Virus-infected human mast cells enhance Natural Killer cell functions (VIR1P.1160)

Abstract Mast cells are widely distributed throughout vascularised tissues. At mucosal surfaces they play important roles in host defence. Human mast cells produce chemokines, such as CXCL8, that selectively recruit Natural Killer (NK) cells in models of viral infection. However, the ability of mast cells to enhance NK cell effector functions has not been previously examined. Primary human mast cells were infected with reovirus and derived mast cell products were used for stimulation of human NK cells. Mast cell products induced expression of the activation marker CD69 (n=7; p<0.001), the cytotoxicity-related genes PRF1 (n=6; p<0.01) and TIA-1 (n=5; p<0.05), and enhanced NK cell cytotoxic activity against K562 cells (n=6; p<0.01). Interferon-γ was produced by NK cells treated with virus-induced mast cell mediators in the presence of IL-18 (n=7; p<0.001).
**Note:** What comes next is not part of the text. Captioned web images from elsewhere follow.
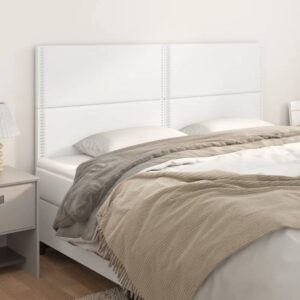vidaXL sengegavl hvid 200x5x118/128 cm kunstlæder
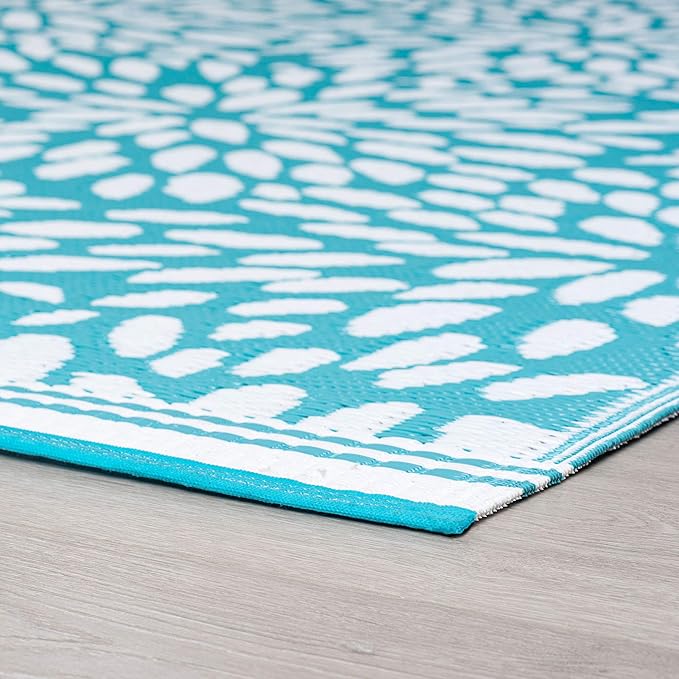 Tayse Nuala Aqua Reversible Plastic Straw 9x12 Indoor Outdoor Rug for Patios Garden Picnic Camping Mats Waterproof and Washable
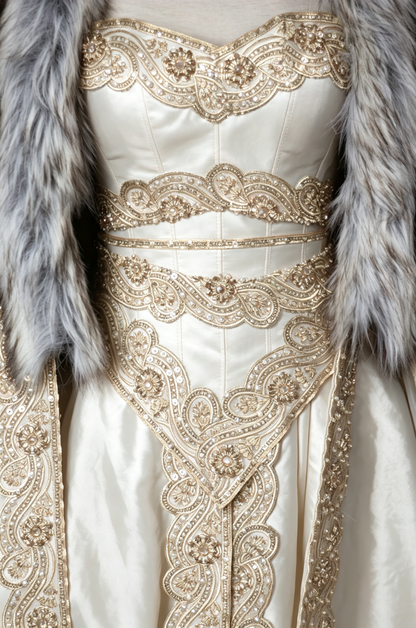 Dreamy dress Queen Gown With Fur Cloak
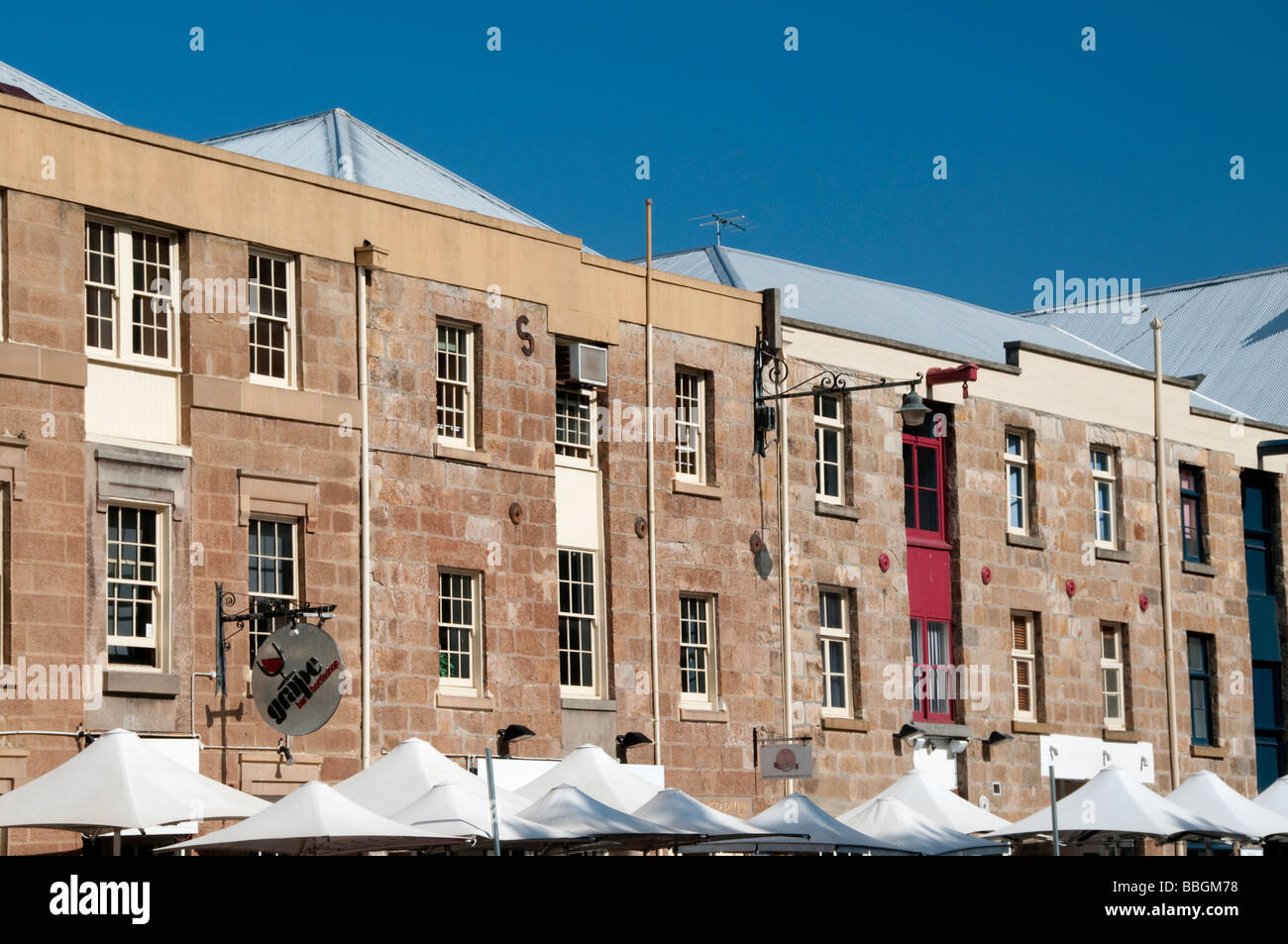 Sandstone buildings along Salamanca Place in Hobart, Tasmania Australia Stock Photo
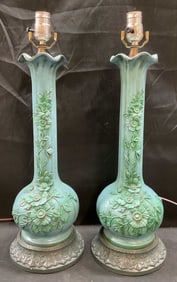 Pair Vintage Blue Floral Relief Table Lamps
In vivo, reovirus-infected human mast cells induced a 7-fold increase in recruitment and activated murine NK cells (42.3% CD69+ vs 5.8% CD69+ cells) in comparison to uninfected mast cells in a subcutaneous matrigel model (n=9; p<0.05). Soluble products of reovirus-infected mast cells included IL-10, type I and type III interferons. Blockade of type I interferon receptors revealed that they were important for mast cell-mediated NK cell activation. Our data define a novel mast cell-NK cell immune axis in human host defense against viral infection, which could be rapidly induced prior to the generation of acquired immunity.